Marlene Engelhorn called it 'Grotesque' Der Spiegel that she does not have to pay a cent of inheritance tax on the millions of dollars she received from her grandmother. In an interview in the German weekly last year, Engelhorn said: “Families can pass on money as if they were noble dynasties. How does that fit in a democracy?” In Austria, where Engelhorn lives, no inheritance tax is levied.
Engelhorn inherited a fortune because one of her ancestors founded the chemical company BASF. On Wednesday, Engelhorn, 31 years old, announced that she is giving away 25 million euros. A citizens' council of fifty randomly selected Austrians must decide how the money is spent. “I have this money because it is not taxed,” Engelhorn said when announcing her plan. “I have this money because the government has failed to fulfill its mission to distribute wealth in society in such a way that it does not end up exclusively and completely unjustly with me, just because I happened to be born in this family with this surname.” The 25 million euros that Engelhorn is now giving away includes approximately 90 percent of her inheritance.
Marlene Engelhorn grew up in Vienna and attended private schools. She noticed that the opulence that surrounded her was not self-evident during her studies in German studies at the University of Vienna. she told me Der Spiegel. Her fellow students worked alongside their studies, and she read about inequality and ideas for redistribution in novels and nonfiction books.
Sixty wealthy people
She has already made it known that Engelhorn is not satisfied with the tax policy in Austria with her initiative 'Taxmenow', a collective of about sixty wealthy people in German-speaking countries who advocate the redistribution of money. In Germany, the collective states, the poorer half of the population owns only 1.2 percent of all wealth. In Austria, the richest 1 percent own an estimated 50 percent of the wealth.

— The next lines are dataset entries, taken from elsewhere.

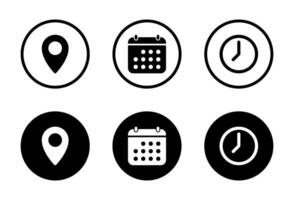 Address, date, and time icon on black circle. Location marker, calendar, and clock sign symbol vector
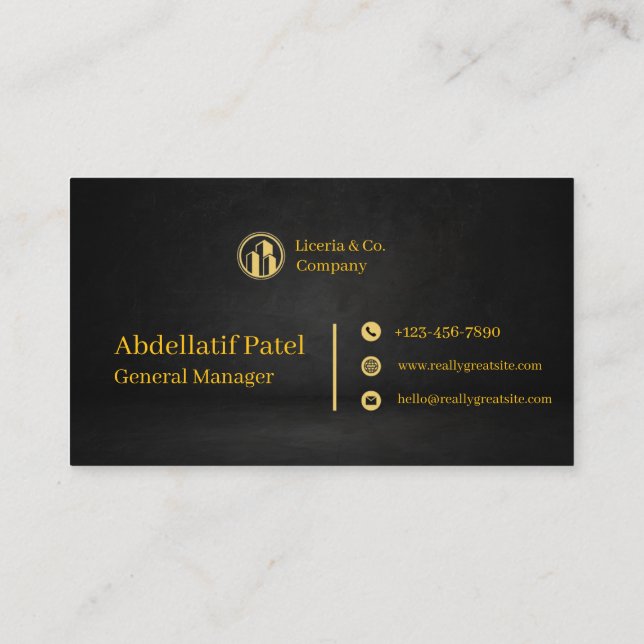 black and gold modern manager business card (Back)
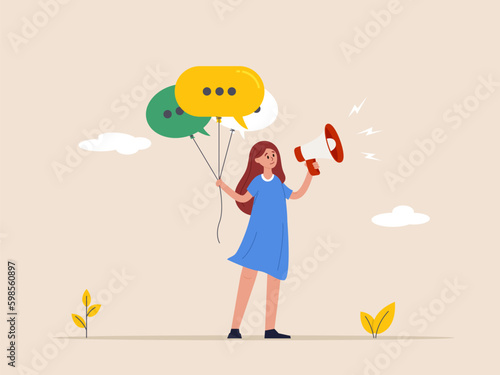 Communication or PR, Public Relations concept. Manager to communicate company information and media, announce sales or promotion. Woman holding speech bubble balloons while talking on Generative AI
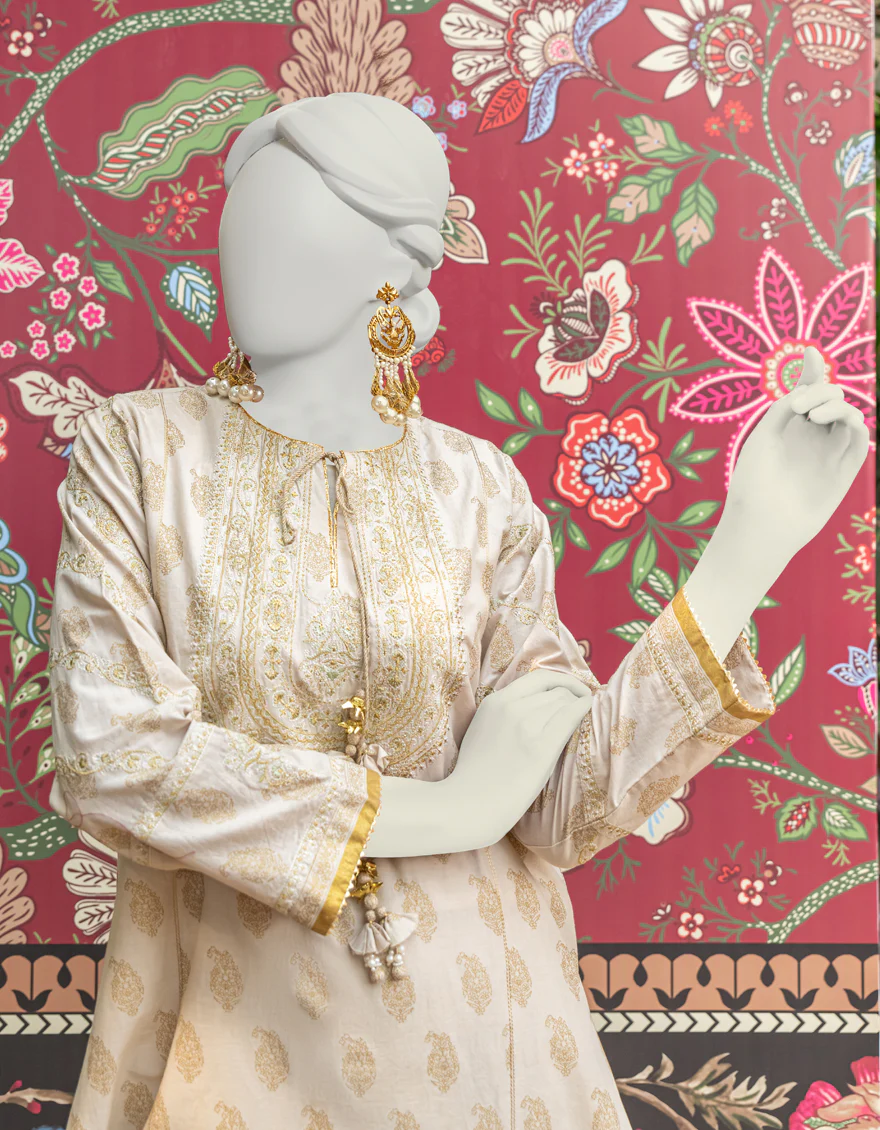 BEIGE LAWN 2PC STITCHED | JLAWN-S-JST-24-1605/S ZARI-01 - Image 3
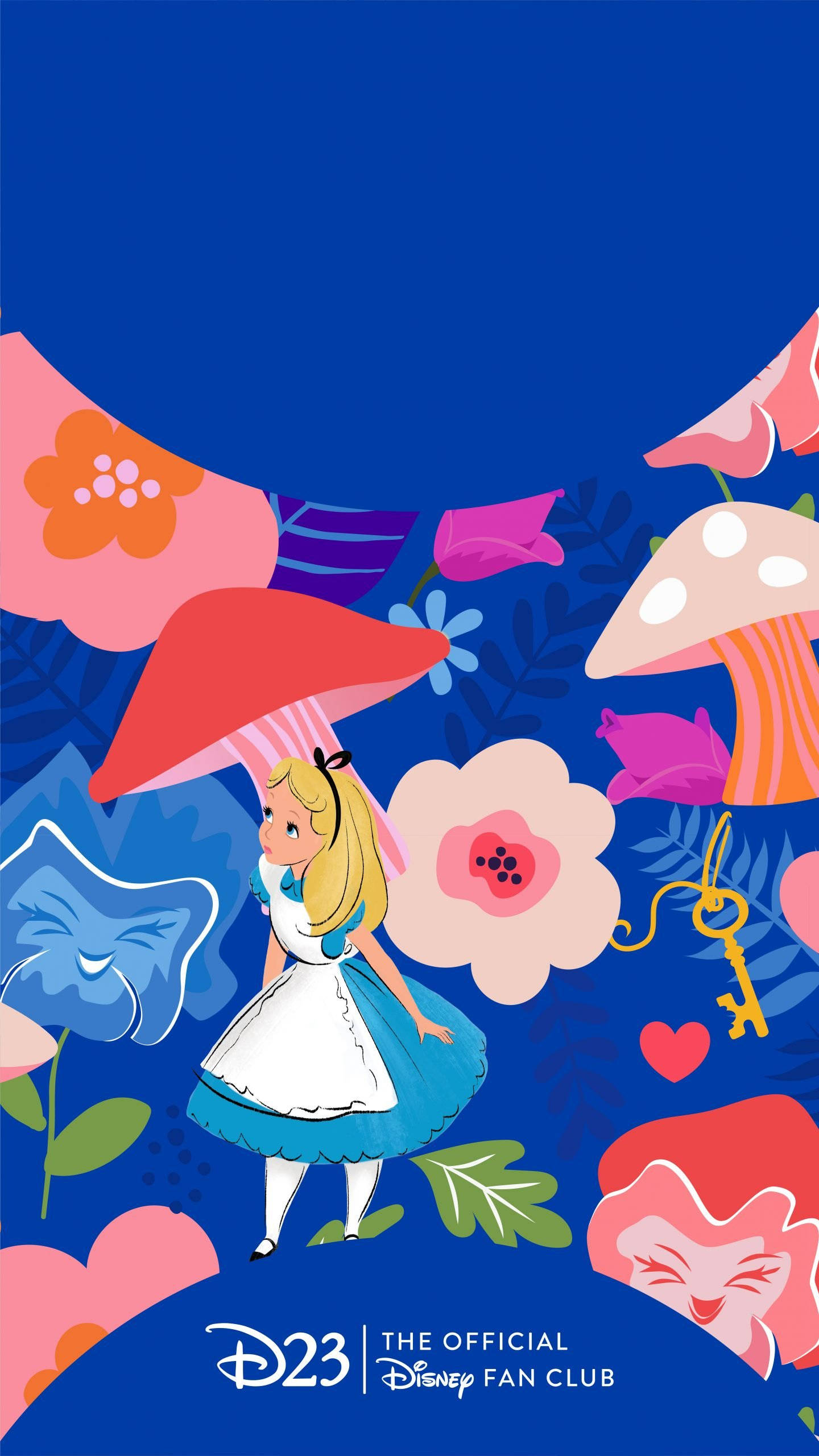 Alice In Wonderland Phone 桌布 壁紙 — 愛麗絲夢遊仙境站在深藍色天空下，置身於超大型色彩繽紛的花朵和蘑菇之中。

Engelhorn previously announced that she wanted to give away her money, she was just looking for the right way. She presented the plan on Tuesday. First, 10,000 randomly selected Austrian citizens will receive a letter asking for their interests and some information. A group of fifty people is then selected from interested parties who are a reasonable reflection of society. That 'Good Council for Redistribution', like the company will then be called, can then determine how the money will be spent with the help of experts but without involvement of Engelhorn.
Marlene Engelhorn's plea for higher inheritance taxes goes diametrically against the views of many of her ancestors, who successfully avoided paying taxes for decades.
The founder of BASF, Friedrich Engelhorn, sold his shares while he was still alive and used the money to buy the pharmaceutical company Boehringer in Mannheim, which, among other things, produced malaria drugs. Four generations later, Curt Engelhorn sold the Boehringer company to the Swiss pharmaceutical company Roche for 19 billion German marks. The German state did not see a cent of this, because the family and the company were registered in Bermuda. “Mr Waigel will be annoyed,” Curt Engelhoorn said at the time Der Spiegel about the then Minister of Finance Theo Waigel (CSU). Other family members were convicted of tax evasion, or they live in Switzerland.